Maison Sensey : How would you describe your work ?
Clive Arrowsmith : I am obsessed with my job. I have a slightly dreamy yet obsessive personality.
How would you define the perfect shot ?
It doesn’t exist. I’m endlessly looking for it, but I will never get it. If one could reach it, there would be no point in carrying on. I can come close to it, but as we never get the perfect shot, we must carry on.
One’s wrinkles reflect their life story. Which portrait holds the most life experience, the most personal history ?
The portrait I made of Michael Caine. The whole story is captured in the picture, this photograph cannot be described, the image tells the story.
Your photographs are very close to painting when it comes to emotions. Does painting influence your work, and if so, how ?
I started by studying painting in an art school for five years before discovering photography, which I had previously described as a minor creative art form. When I began photography, painting gradually ebbed away. But the lights from the Italian Renaissance never left me. I sometimes get called the ‘Caravaggio of photography’, which makes me smile.
You manage to convey the elusive. When you take a portrait, what do you perceive that cannot be seen ?

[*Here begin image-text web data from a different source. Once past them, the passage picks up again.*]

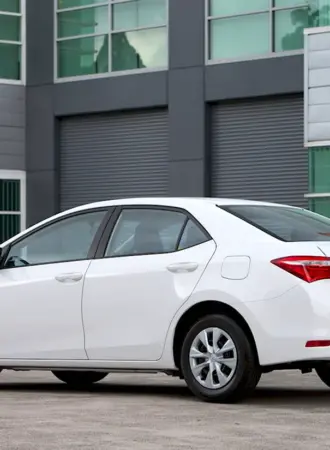 Toyota Corolla 2014
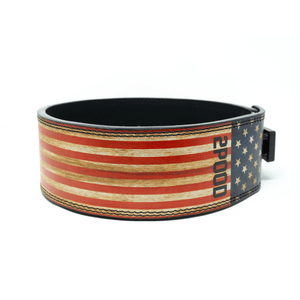 Unapologetically American Lever Belt kaufen -  RK Industries 10MM Lever Belt  - Fitness Onlineshop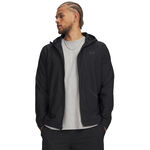 Under Armour Trainingsjacke Under Armour Unstoppable Woven Trainingsjacke Herren-schwarz, schwarz
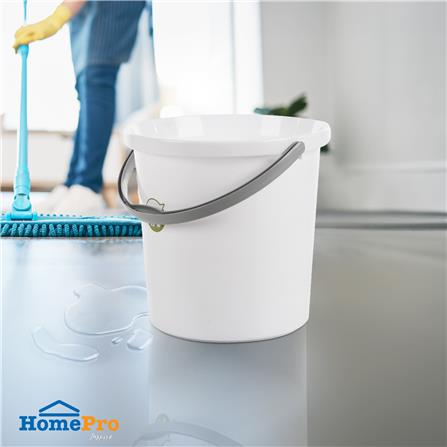 ถังน้ำกลม PLIM 24.5L (6.5.gl) สีขาว_3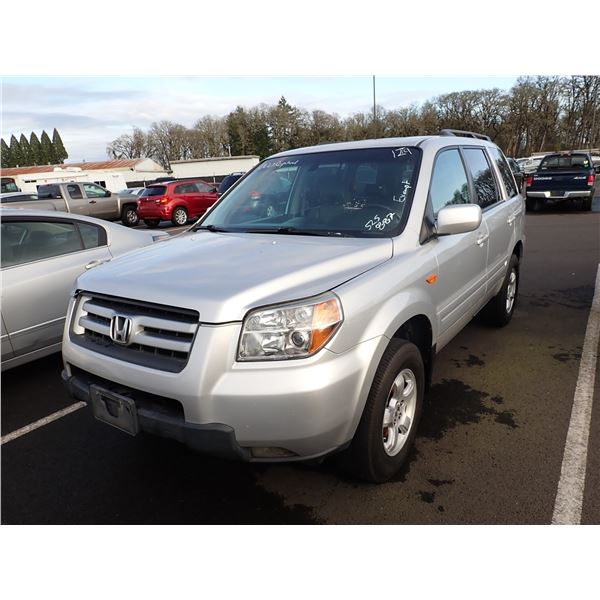 2006 Honda Pilot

I think that I perceive some sort of electric energy around the faces of the people I photograph. This energy reveals their passions, their sadness, their joy… When their smile or their laugh disappear, the memory of this moment is captured by the camera. It’s a moment that can never be repeated.
Your next book, Lowry At Home, focuses on L.S Lowry, a famous British painter whom you photographed early in your career. Why this book ?

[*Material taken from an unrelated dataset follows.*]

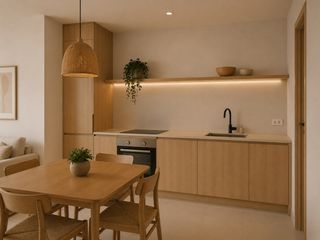 Pis a San Diego. Bienvenidos al residencial pintor sorolla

It is an intimate photo shoot of Lowry in his home in 1966: it depicts the industrial landscape of Salford, near Manchester, where the specter of the industrial revolution was still very much in the air. Lowry is captured in a simple state, in his daily life. He captured the people of his time with so much sympathy in his own work, and it is reflected in the pictures found in the book.
(“Lowry At Home 1966” by Clive Arrowsmith – published in June 2017 by ACC Publishing).
Lowry declared “I paint people as I see them”. Is it true for your too ?
Well, yes, I photograph people as I see them. It may seem obvious, but we can only photograph what’s in front of the camera. However, by playing with lights and shades, we can add a specific atmosphere and dimension that only exists in that moment.
Out of all the people you photographed, who moved you the most, and why ?
As a Buddhist myself, I especially enjoyed taking pictures of my Tibetan Buddhist teacher, Khyongla Rato Rinpoche and His Holiness the Dalaï Lama, because at this occasion time did not even exist anymore. I also enjoy taking pictures of beautiful women because I see them all as goddesses.
Who would you like to photograph ?
Laura Pergolizzi (a.k.a LP), Jeff Bridges, Beyonce, and Christy Turlington whom I never got the chance to photograph – she’s such a classical beauty. Oh god, I could go on and on, my camera is just longing for them.
Which photographer would you recommend to Maison Sensey?
I would recommend venerable photographer Nicky Vreeland – Buddhist monk, grandson of the legendary editor of Vogue magazine Diana Vreeland, and author of the movie “Monk With A Camera”. I would also recommend Brazilian photographer Sebastião Salgado.